Dorrhauer: Zu dem Zeitpunkt war ich in Haifa und habe mich mit Freunden der internationalen christlichen Botschaft in Jerusalem auf den Weg gemacht nach Tel Aviv. Dann bin ich mit (der Fluggesellschaft) El Al geflogen.
SWR1: Haben Sie sich da, obwohl es für Sie persönlich funktioniert hat, auf eigene Faust zu fliegen, von der Bundesregierung im Stich gelassen gefühlt?

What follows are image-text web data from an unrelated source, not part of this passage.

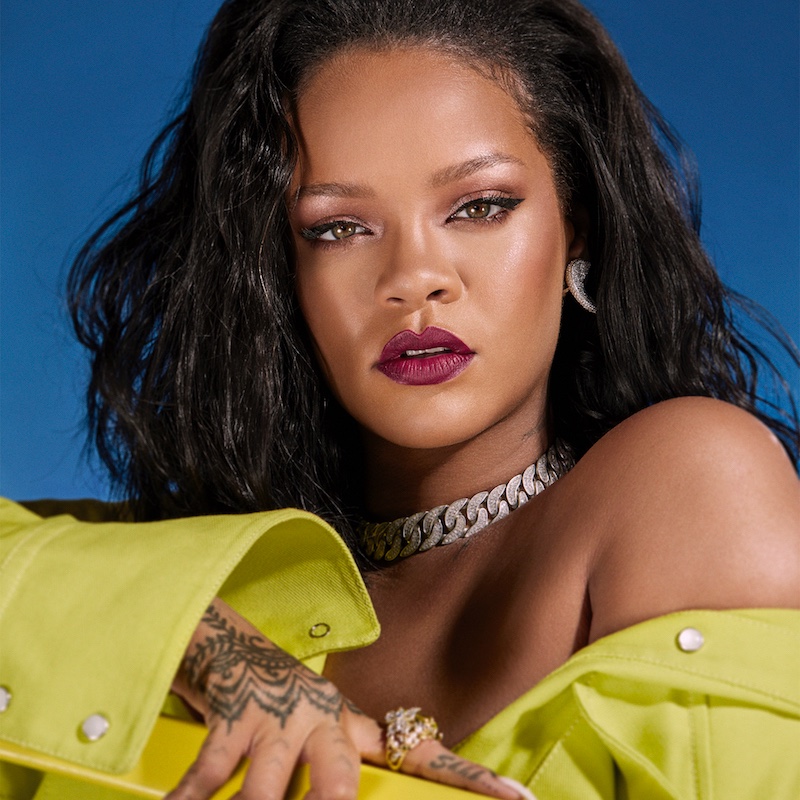 Rihanna Fenty Beauty Pro Filtr Hydrating Campaign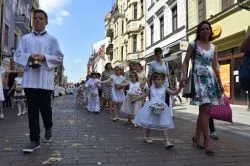 Boże Ciało z bp. Wiesławem Śmiglem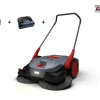 Starmix  DuroSweep 77 PRO 18V Akku Kehrmaschine inkl. Akku und Ladegerät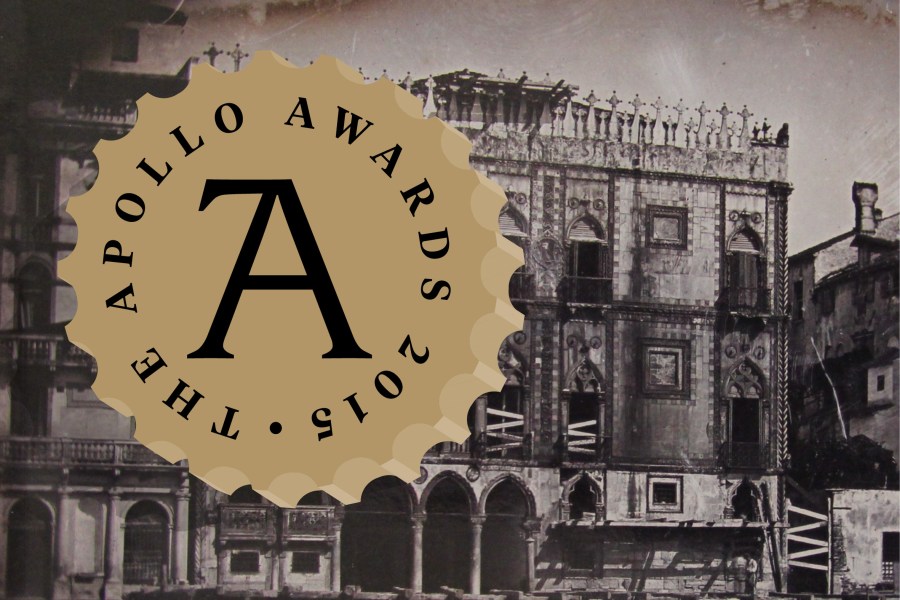Apollo Awards: Book of the Year: Carrying Off the Palaces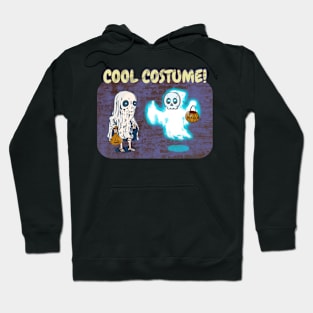 Ghost and Skeleton Costume Hoodie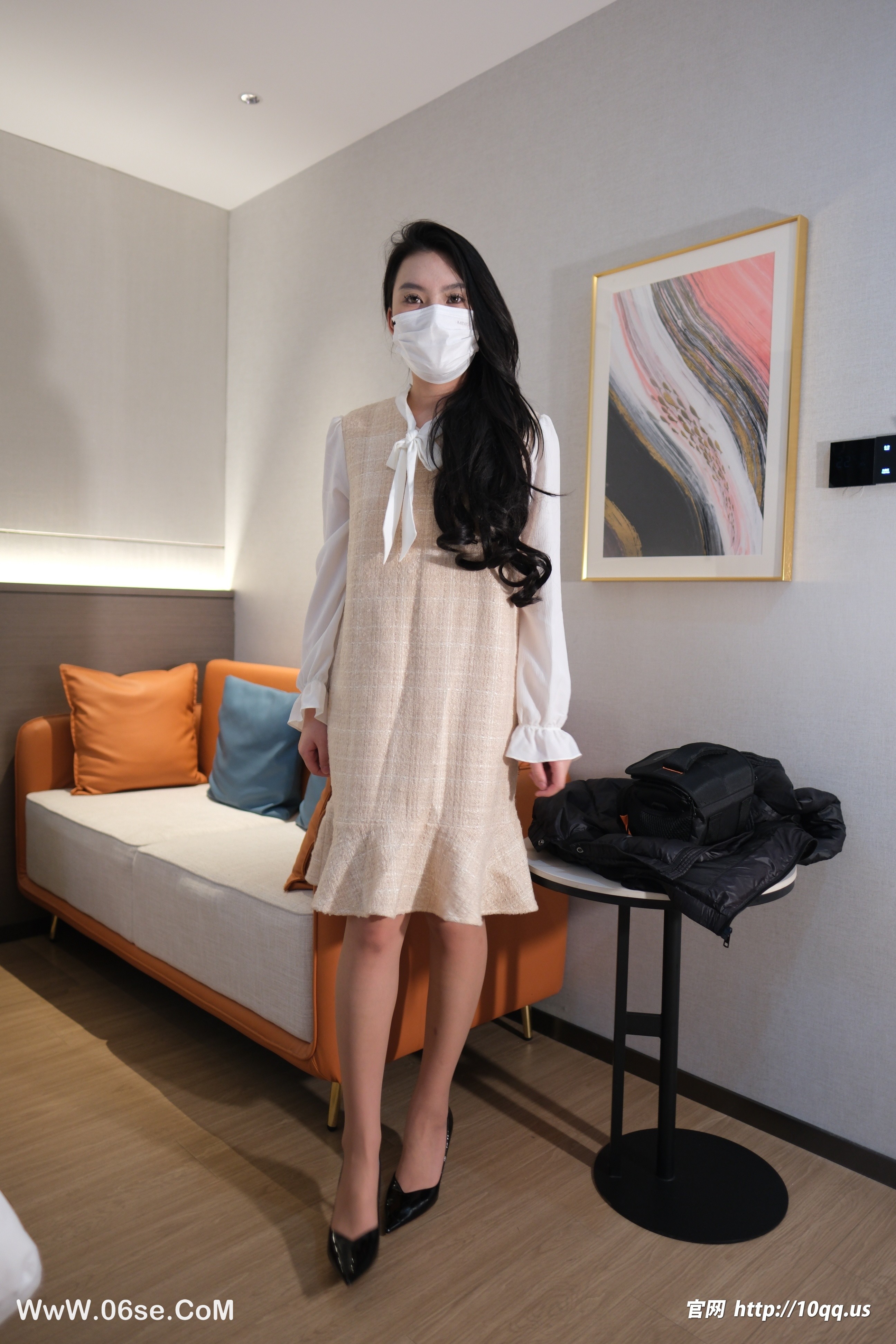 图片[10]-[ROSI写真] 口罩系列 2025.03.25 KZ.3208 [75+1P-143M]-六色网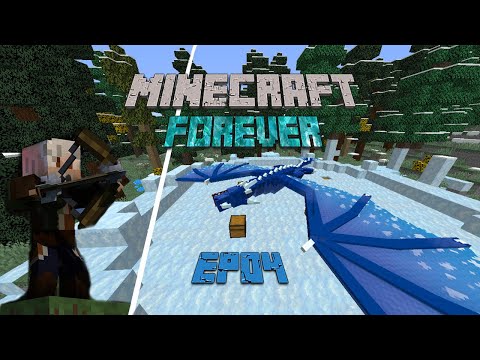A derrota do Dragão Shaphira - Ep04 - Minecraft Forever -1.16.5 Modpack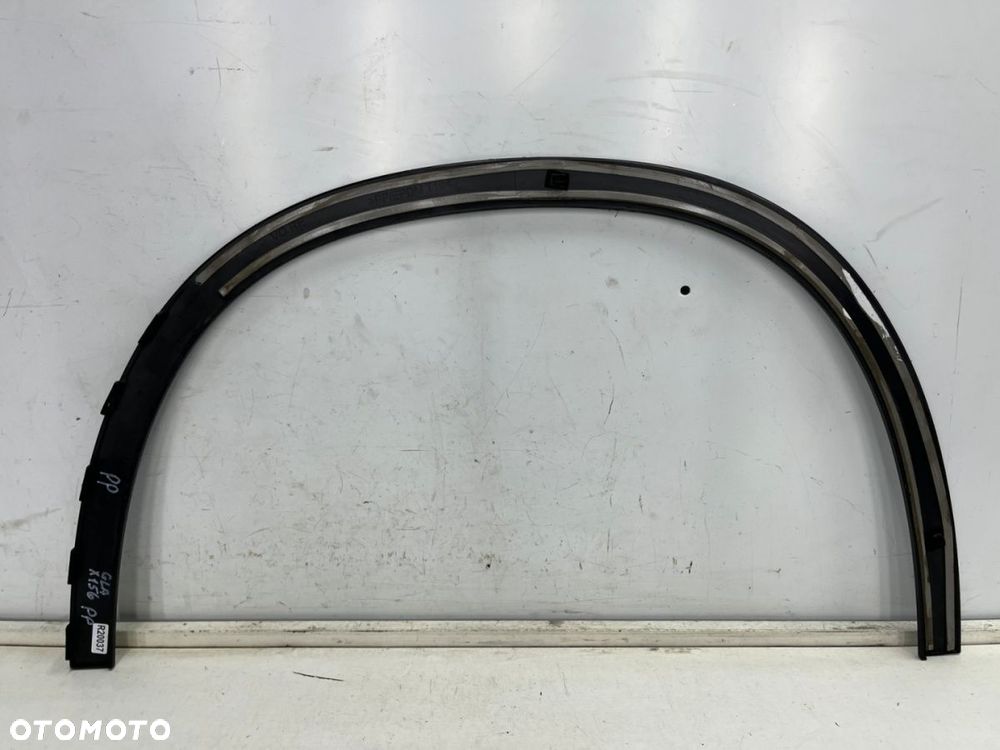 Listwa Mercedes GLA I x156 w156 13-19r prawa przednia nakładka rant błotnika prawy przód a1568852422 - 13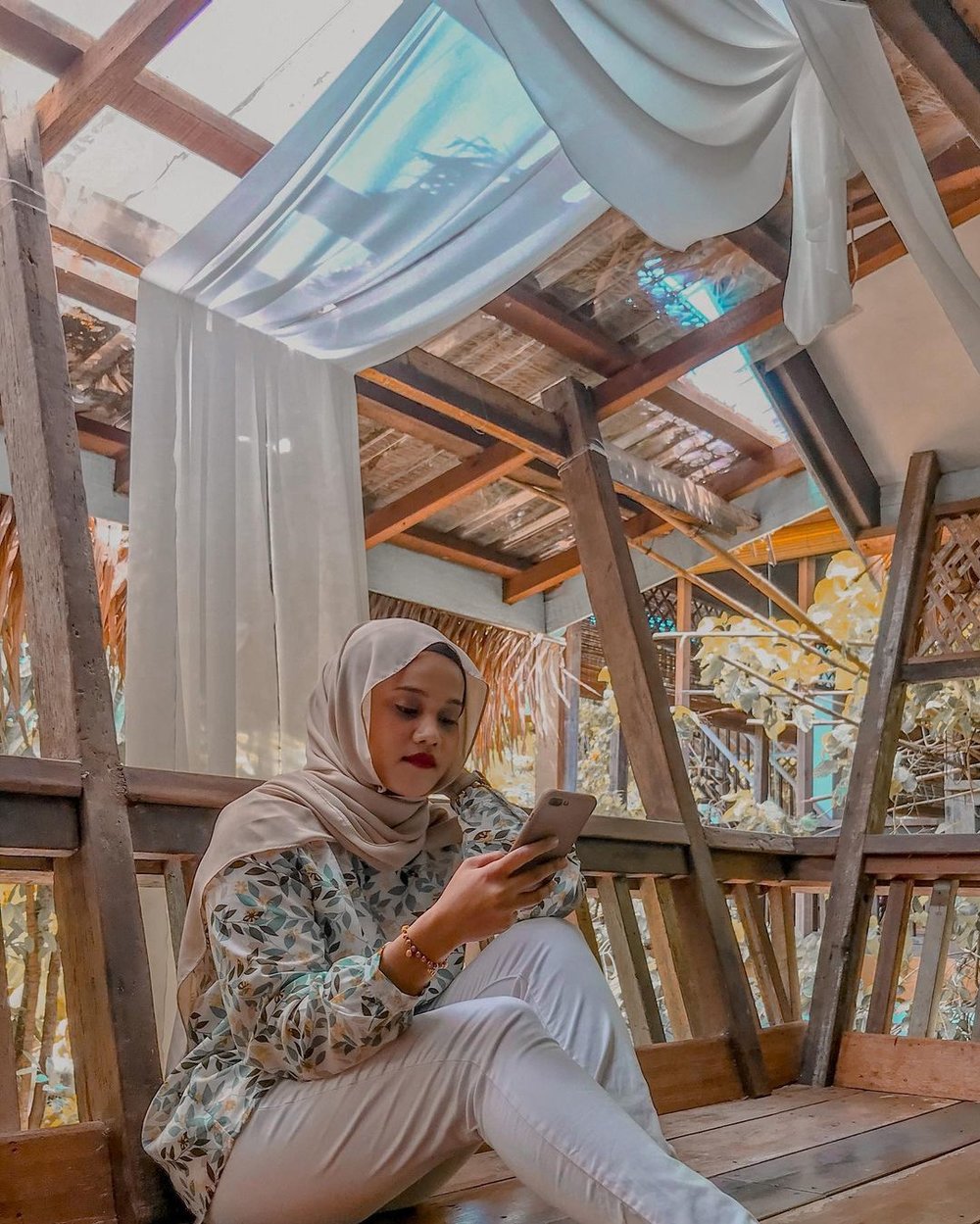 Panji Panji Tropical Wooden Home best private villa resort in Langkawi Kedah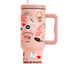 Vasos Térmico 1300ml | Rosado| Morat| Figuritas
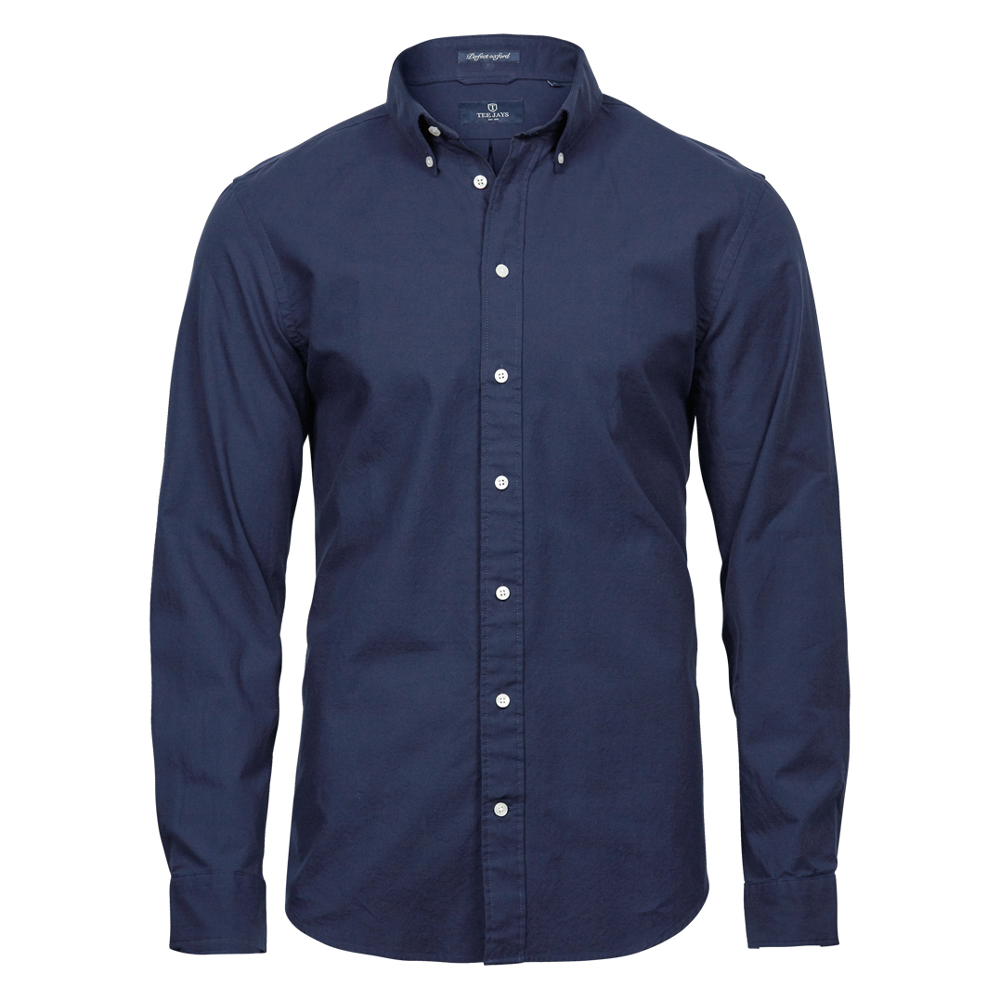 Tee Jays 4000 Perfect Long Sleeve Oxford Shirt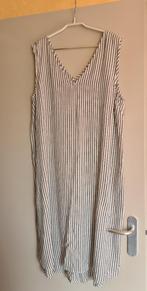 Kaffe MILLA - Jurk - chalk black stripe maat 44, Overige kleuren, Kaffe, Maat 42/44 (L), Nieuw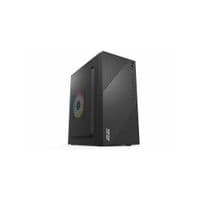 Корпус 2E TeamX TMX04, с БП 2E ATX400W, 2xUSB2.0, 1x80mm, Perforated Side, mATX, черный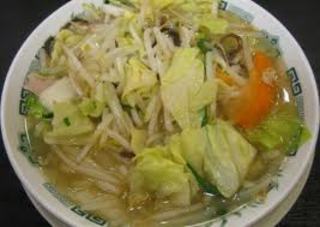 野菜たっぷりタンメン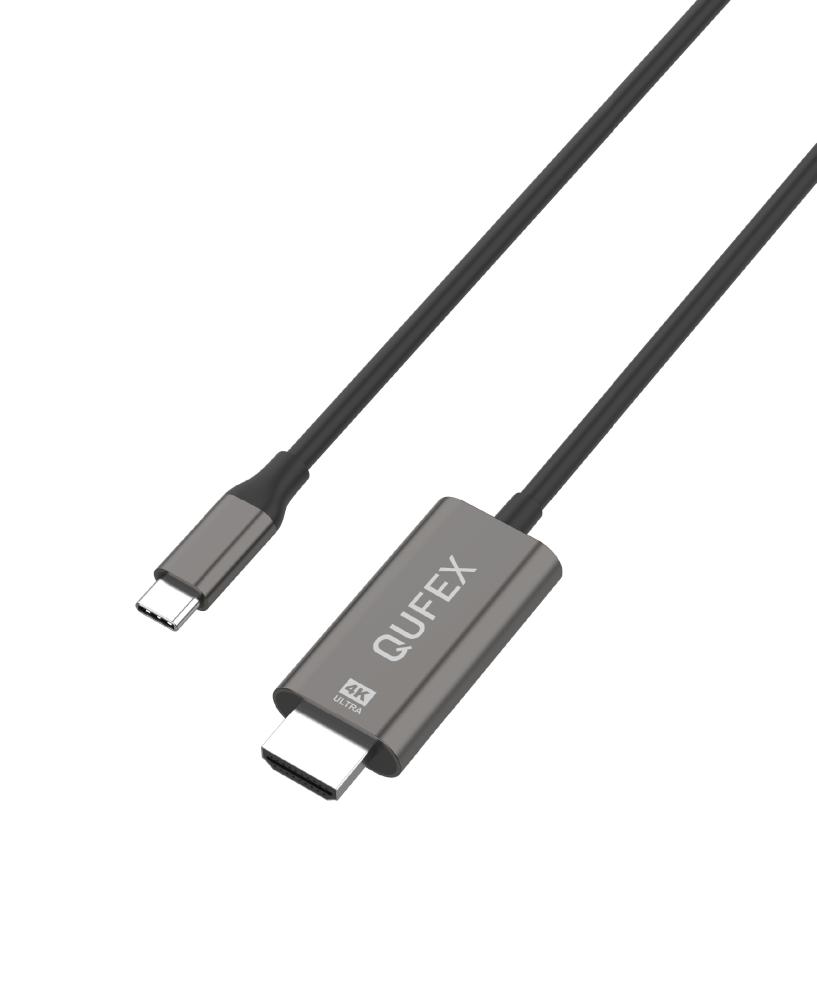 كيبل تايب سي إلى HDTV | QUFEX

Dorrhauer: So direkt kann ich das nicht bejahen, aber auch nicht verneinen. Ich fand nur interessant, welche Vorschläge gekommen sind. Beispielsweise nach Jordanien mit einem Bus gebracht zu werden, dort ein Visum zu beantragen, an der Grenze, und dann auf eigene Faust heimzufliegen. Wer schon mal in Israel war, weiß, dass das in Kriegssituationen nicht der unbedingt sicherste Weg ist.
SWR1: Mit welchem Gefühl haben Sie Israel verlassen?
Dorrhauer: Es ist mir schwergefallen, weil ich Menschen, die ich ins Herz geschlossen und sehr gerne habe, dort zurückgelassen habe. Und mein ganzes Herz ist weiterhin in Israel und bei den Menschen dort.
SWR1: Wie geht es Ihnen jetzt persönlich, wenn Sie zu Hause wieder die aktuellen Nachrichten aus Israel und aus Gaza hören?
Dorrhauer: Das geht mir sehr nahe. Vor allem die Nachrichten über die Kinder. Als Mama ist das für mich sehr schwierig in Einklang zu bringen. Und ich wünsche mir einfach bloß, dass den Kindern und den Menschen vor Ort geholfen wird.
Das Gespräch führte SWR1 Moderator Michael Lueg.